━━━━━ Exercise data

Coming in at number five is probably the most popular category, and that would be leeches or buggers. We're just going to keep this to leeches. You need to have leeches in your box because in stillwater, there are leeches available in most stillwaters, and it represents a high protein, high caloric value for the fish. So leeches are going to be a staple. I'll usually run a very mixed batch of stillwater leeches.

━━━━━━━━━━
━━━━━ Exercise data

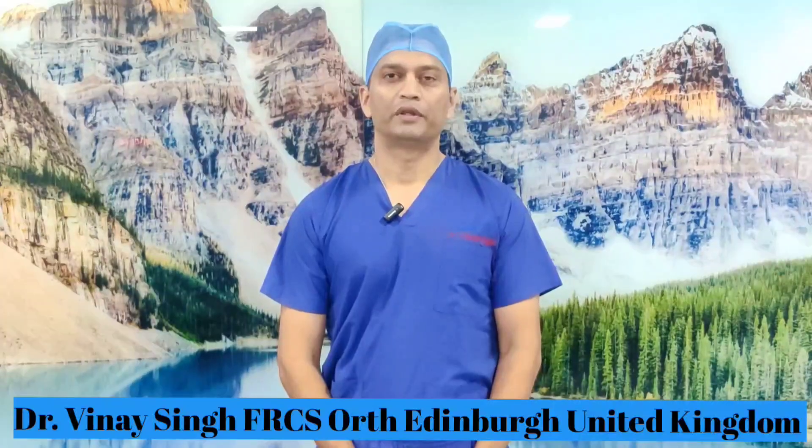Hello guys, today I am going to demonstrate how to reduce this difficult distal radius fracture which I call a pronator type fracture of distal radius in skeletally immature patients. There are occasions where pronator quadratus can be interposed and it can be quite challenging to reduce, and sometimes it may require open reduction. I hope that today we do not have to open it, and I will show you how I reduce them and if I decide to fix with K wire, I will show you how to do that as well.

━━━━━━━━━━
━━━━━ Exercise data

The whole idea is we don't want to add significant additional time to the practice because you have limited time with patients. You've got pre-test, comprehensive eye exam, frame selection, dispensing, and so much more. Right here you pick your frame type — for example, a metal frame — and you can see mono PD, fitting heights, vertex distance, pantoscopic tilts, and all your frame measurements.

━━━━━━━━━━

_Task details_:
Scan the records above. Return every line with "your" in it.

_Response for this exercise_:
Coming in at number five is probably the most popular category, and that would be leeches or buggers. We're just going to keep this to leeches. You need to have leeches in your box because in stillwater, there are leeches available in most stillwaters, and it represents a high protein, high caloric value for the fish. So leeches are going to be a staple. I'll usually run a very mixed batch of stillwater leeches.
The whole idea is we don't want to add significant additional time to the practice because you have limited time with patients. You've got pre-test, comprehensive eye exam, frame selection, dispensing, and so much more. Right here you pick your frame type — for example, a metal frame — and you can see mono PD, fitting heights, vertex distance, pantoscopic tilts, and all your frame measurements.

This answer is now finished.